Antibiotic Resistant Bacteria

The persistence of Antibiotic-Resistant Genes (ARGs) as they relate to Antibiotic-Resistant Bacteria (ARBs) in the environment is not only misunderstood but very difficult to trace within the environment because of lack of standardization in detection techniques and difficulty quantifying the amount of exposure to ARGs that cause harm tohuman health. The major sources of ARB are a result of overprescription of antibiotics, the use of antimicrobial products in hospitals, and the mass use of broad-spectrum antibiotics in livestock management. The key focus of our research will be understanding how the use of broad-spectrum antibiotics used to both promote growth and prevent disease in livestock creates an issue of ARG persistence in the environment. The effects of the use of antibiotics in agriculture and overprescription has led to 700,000 deaths annually and creates a major global health crisis without much knowledge by the public (Li 1). Being able to identify the locations of these major point sources of ARG and ARB proliferation in agriculture will help us understand how they can persist in runoff and eventually help eliminate the concentration of ARGs in our coastal ecosystems.

What are antibiotic-resistant bacteria and antibiotic-resistant genes?

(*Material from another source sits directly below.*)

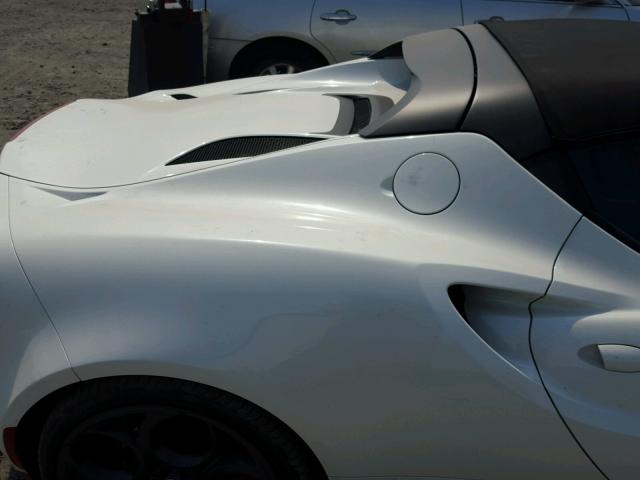 ZARBAAB4XGM179040 - 2016 ALFA ROMEO 4C SPIDER WHITE photo 6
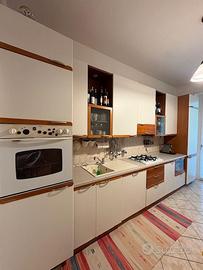 Cucina completa di elettrodomestici 900 €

Antibiotics encompass a wide range of chemical compounds that can be produced naturally, semi-synthetically, and synthetically (Manyi-Loh et al., 2018). In humans and animals, antibiotics are used to fight bacterial infections by either killing bacteria or stopping bacterial growth (CDC, 2020). However, like us, bacteria are constantly evolving and passing on new genetic material that makes them increasingly resistant to the antibiotics designed to inhibit them. In 1942, the first antibiotic-resistant bacteria (ARB), Staphylococcus aureus, was discovered, and the race between effective antibiotics and bacterial resistance has not stopped since (CDC, 2020). The creation of and selection for ARB is caused by the consistent, frequent, and, in some cases, improper use of antibiotics (Le et al., 2018). Every time an antibiotic is used, there is an opportunity for bacteria to become resistant (Wu et al., 2019). When there is exposure to an antibiotic, microbial communities share resistant genes across genera to positively select for new resistant strains, even at heightened metabolic cost (Griffin et al., 2020). Bacteria can become resistant to antibiotics by either intracellular mutation or by acquiring mobilized antibiotic-resistant genes (ARG) from other bacteria (Wu et al., 2019). ARGs are found in plasmids, which serve as mobile carriers for genetic information. Horizontal transfer of plasmids allows bacteria to adapt to antibiotics and acquire these ARGs at an alarmingly quick rate in the human body (Stalder et al., 2019). This process can alter the human microbiome and cause health disturbances. The human microbiome is a complex ecosystem consisting of bacteria, viruses, archaea, or eukaryotes that co-evolve together from various selective pressures like antibiotics, diet, and lifestyle (Baron et al., 2018). Bacteria naturally compete against each other and acquire ARGs as a survival mechanism (Rolain et al., 2016).

Antibiotic-Resistant Bacteria and Antibiotic-Resistant Gene Movement in the Environment

How do Antibiotics Enter the Environment?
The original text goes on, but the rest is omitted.